The Correct Option is C

Concept:
Local extrema occur at critical points where the first derivative is zero ($f^{\prime}(x) = 0$). To confirm whether a critical point is a minimum, check the second derivative; if $f^{\prime\prime}(x) > 0$, it is a local minimum. Finally, plug the critical x-value back into the original function to find the minimum value.

Step 1: Find the first derivative.
Differentiate the function $f(x) = x^2 - x$ with respect to $x$: $$f^{\prime}(x) = 2x - 1$$

Step 2: Find the critical point(s).
Set the first derivative equal to zero and solve for $x$: $$2x - 1 = 0$$ $$2x = 1 \implies x = \frac{1}{2}$$

Step 3: Verify it is a local minimum.
Find the second derivative to check concavity: $$f^{\prime\prime}(x) = 2$$ Since $2 > 0$ for all $x$, the curve is concave up everywhere, confirming that $x = \frac{1}{2}$ is indeed a local minimum.

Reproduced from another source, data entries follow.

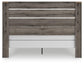 Graystorm  Panel Bed, Dresser, Mirror And Nightstand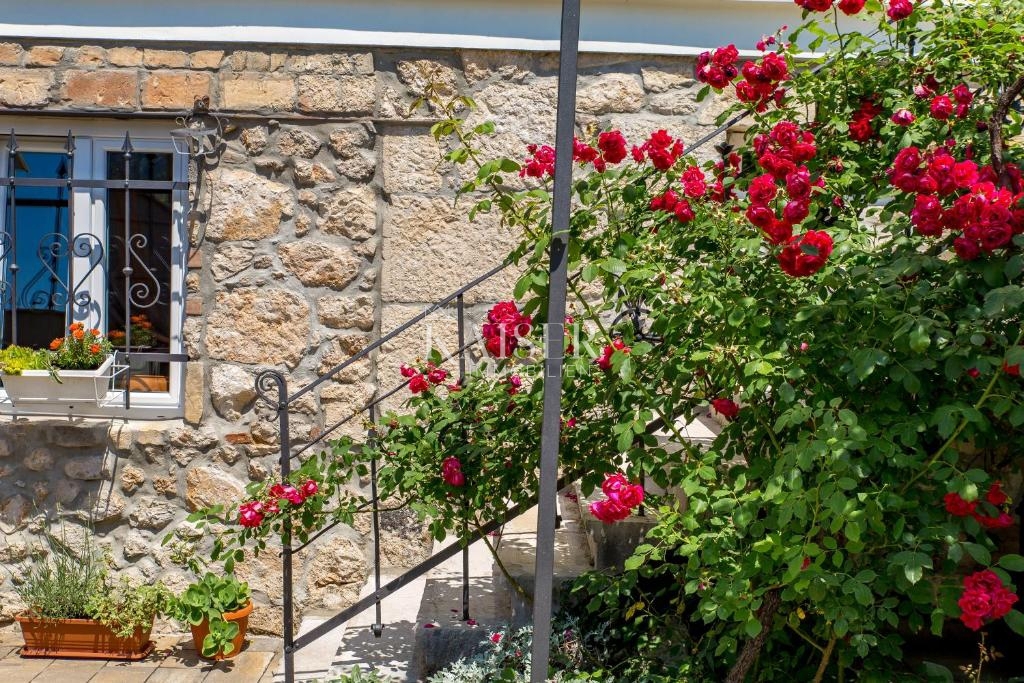 Tribalj, lussuosa casa in pietra con piscina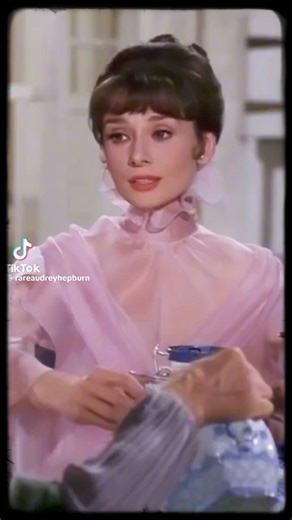 Audrey Hepburn in ‘My Fair Lady’ (1964) 🎬❤️ #audreyhepburn | Matthew Knobloch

Step 4: Substitute into the original function.
To find the actual minimum value, plug $x = \frac{1}{2}$ back into $f(x)$: $$f\left(\frac{1}{2}\right) = \left(\frac{1}{2}\right)^2 - \left(\frac{1}{2}\right)$$

Step 5: Calculate the final numerical value.
Evaluate the squares and subtract: $$f\left(\frac{1}{2}\right) = \frac{1}{4} - \frac{1}{2}$$ Get a common denominator: $$f\left(\frac{1}{2}\right) = \frac{1}{4} - \frac{2}{4} = \frac{-1}{4}$$ Hence the correct answer is (C) $\frac{-1{4}$}.